November 11, 2016, Raleigh, N.C. (NNS), By Tamara R. Dabney, Navy Recruiting District Raleigh Public Affairs – Every year on Nov. 11, we celebrate our American military veterans who have served our country in times of peace and in war.
Today, some of these same veterans are fighting a different type of war, right here on American soil — homelessness.
According to the U.S. Department of Veterans Affairs, approximately 11 percent of homeless people in the United States are veterans, despite veterans making up less than 8 percent of the U.S. population.
Poverty, mental illness and a lack of support networks are among the conditions that put veterans at high risk for homelessness.
One way to support American veterans is to serve alongside them in the fight against homelessness during the Stand Down for homeless veterans.

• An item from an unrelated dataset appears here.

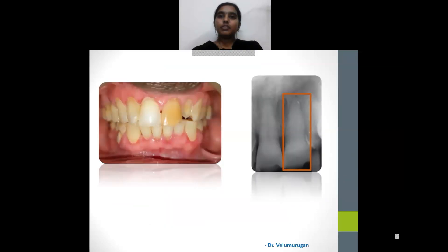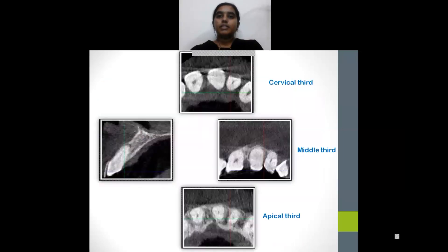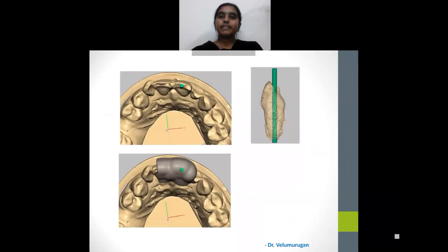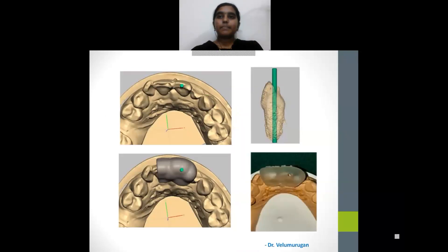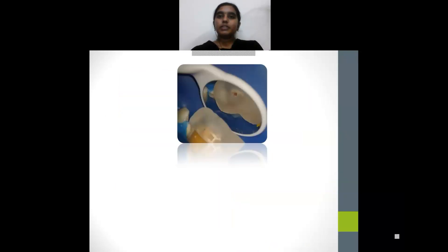Let's have a look at one of the cases: a male of 36 years with a history of trauma 10 years back presented with a discolored tooth in relation to tooth 21. The IOPA clearly reveals that the cervical third and middle third are obliterated and the patency of the canal is only present in the apical third. CBCT images and axial views also reveal patency in the apical third. The path of access opening was virtually planned and a single-tooth template was fabricated. The template is placed on the tooth and with the help of a pencil, a point is marked on the tooth surface.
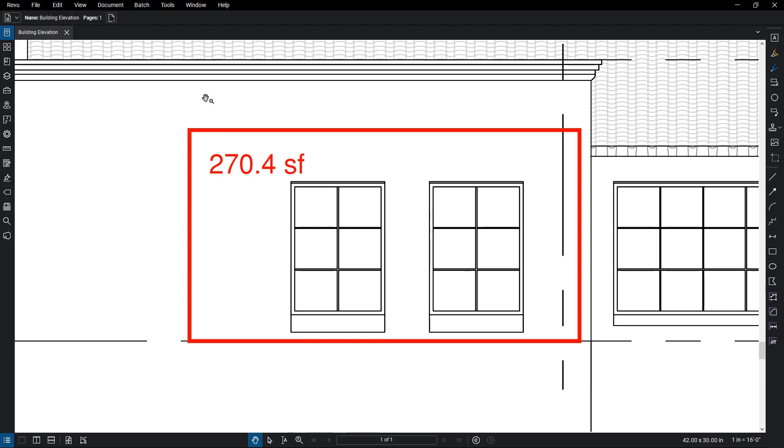The cutout tools remove areas from an existing volume or area measurement to give more accurate measurements. There are two types of cutout tools depending on your intended shape.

Stand Down for homeless Veterans events are held several times throughout the year in various cities across the nation. During the Stand Down, thousands of veterans are provided food, clothing, and health screenings, as well as referrals to other assistance, such as housing, employment and mental health counseling.
The hundreds of volunteers and professionals who give their time to assist with the needs of veterans are what make the Stand Down possible.
Petty Officer 2nd Class Vonketrick Moore, who recently volunteered for the Capital Area Stand Down in Raleigh, North Carolina, said that while he enjoyed volunteering for the Stand Down, the event was a tough reminder of a problem that is much too common.
“I am happy to come out here and serve veterans. From talking to them, I know that they were once in my position, doing well in life,” said Moore. I know veteran homelessness is a big problem. It’s unfortunate, but I think that events like this are needed, so I’m glad I came out.”
Veterans Services Officer and Stand Down Event Coordinator John Youker works with homeless veterans every day at a shelter in Raleigh. He sees more than 200 homeless veterans check in to the shelter every year. About every two days, a homeless veteran comes to their wits end trying to survive on the streets, so they go to see Youker for help.
“The veterans that come in here either suffer from mental illness, have a lack of life skills, or just have no family or friends to turn to for help. We have to assist them in breaking the cycles of mental illness and bad decisions that lead to homelessness,” said Youker.
However, there is hope. Youker said that although homelessness among veterans is still a pervasive problem in the U.S., he is very optimistic that one day, it won’t be so common.
“Since I first started working here in 2008, the number of homeless veterans that come to the shelter has actually decreased. Out of all the homeless people who would come to the shelter back then, 25 percent of them would be veterans. Now, only 12 percent of people in the shelter are veterans. This is because of all the programs that are out there to help homeless veterans and the people who make these programs possible.”
This Veterans Day, as we honor the courage and sacrifices of the men and women who have served in our military, we must not forget the fight that many of them still face here at home in America. Homelessness among veterans is a fight that we can win together.
Information on how to volunteer for the Stand Down for homeless veterans can be found the U.S. Department of Veterans Affairs official website.